Day One at ADZPCTKO.

Day One at ADZPCTKO.

Day 2 – April 26th
Start: Lake Morena CG, Mile 20.0
End: Burn Rancheria, Mile 41.7
Miles Hiked 21.7

Last night I woke up to my tarp flopping around in the wind and rain flooding all over my gear and sleeping bag. The wind was crazy intense, and the soft soil didn’t work well with the stakes. Once the wind caught the tarp, it pulled the stakes right out of the ground. I quickly got up in the rain to get things stabilized and notices many others doing the same thing at 2am. I had to do this twice more throughout the night. Getting tested already out here! Real wild storm! Around 6am I packed my wet gear into my backpack while it continued to drizzle with a wild wind. It rained hard for the first three hours as I put my head down and continued to hike fast in order to stay warm. Around 2pm it started to slow down a bit and I began hiking with Brainstorm. We met a man named Kermit at an underpass who gave us cookies and a power bar. Trail Magic! People are so great out here, it’s awesome. I continued to hike with Brainstorm the rest of the way. We hiked up roughly 3,000 feet in the cold. On Mt. Laguna there was still snow on the ground, and we could see our breath. This is NOT what I expected in the desert. But we’re taking advantage of the cold, as it is nice hiking conditions. The hike up got more and more scenic with every step, and I really loved the green grass and beautiful pines with the light snow on the ground.

Mt Laguna

Mt Laguna

I limped the last 2 miles as my feet started to feel very tired, and I was happy when we made it to camp. Before dark another man came by, Nigel, and camped next to us. Overall it was a great day, despite me being consistently cold and tired. Feeling the energy of the storm gave me a lot of energy in the morning, as I seemed to feed off of the excitement of what lies ahead. Great day!

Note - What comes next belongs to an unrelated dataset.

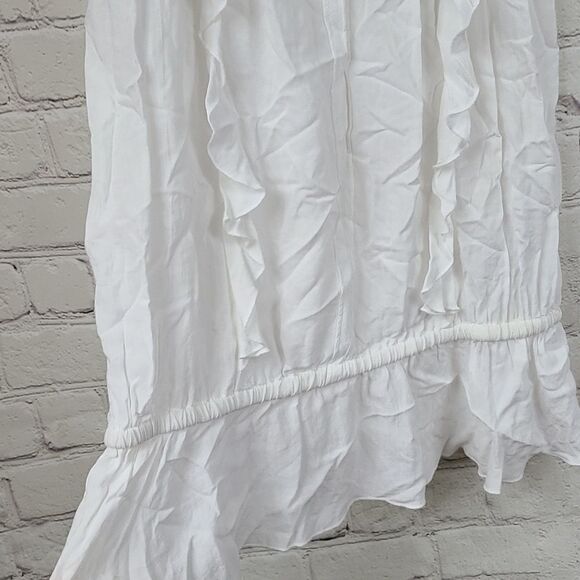 Express Frilly Solid White XS Ruffle Sleeve Peplum Top Ruffle Front Keyhole - Picture 5 of 8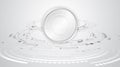 Clean white futuristic technology background with layered circular HUD elements and abstract digital interface, minimal modern Royalty Free Stock Photo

L to R: Molly McButter, Me, Brainstorm.

L to R: Molly McButter, Me, Brainstorm.

Sleeping spot on day two.

Sleeping spot on day two.

Day 3 – April 27th
Start: Burnt Rancheria, Mile 41.7
End: Rodriguez Intersection, Mile 68.8
Miles Hiked: 26.1

It was another windy night, but I stayed fairly warm. Brainstorm, McButter and I hiked quickly down Mt Laguna. It was still very cool outside, and great hiking conditions. Mt Laguna is more a plateau than it is a mountain. It has very steep walls roughly 3,000 feet up, then its rolling hills at the top. It was really pretty seeing the cliffy edges that we hiked near. It was continuous views of the valley floor and surrounding mountains. It was great hiking with our group of three. Brainstorm is a very intellectual man from Brooklyn. He has a wealth of knowledge in many different areas and seems very well cultured. He told many amazing stories of his Ukrainian grandparents and their efforts in WWII. Both were in Nazi concentration camps and lived past them. McButter (Nigel) is a very tall, lanky younger guy from Portland. Very quick-witted humor and large vocabulary. Just a hilarious dude. Between the three of us we were laughing the entire day, and really feeding off each others positive energy. We ended up hiking 26 miles and my feet were as sore as could be when we stopped at a giant cistern at Rodriguez Crossing. It was the last water source for 9 miles, so there were many hikers camped here. I got invited up to the top of the cistern where I met Carrot and Rex. I have read Carrot’s blog from last year as she is a previous thru-hiker, and it is amazing. She’s a beautiful writer, and really captures the trail in words. It was fun to meet her after following her for so long. Look up her blog if you get a chance, it’s phenomenal. Her writings get posted in magazines and all over the place. McButter joined and we all sat and watched the sun set over the mountains as we cooked dinner. Once dark, I cowboy camped under the cistern and used it for relief from the winds. It didn’t do much. The stars were fantastic though!

Brainstorm and the water cache at the crossing.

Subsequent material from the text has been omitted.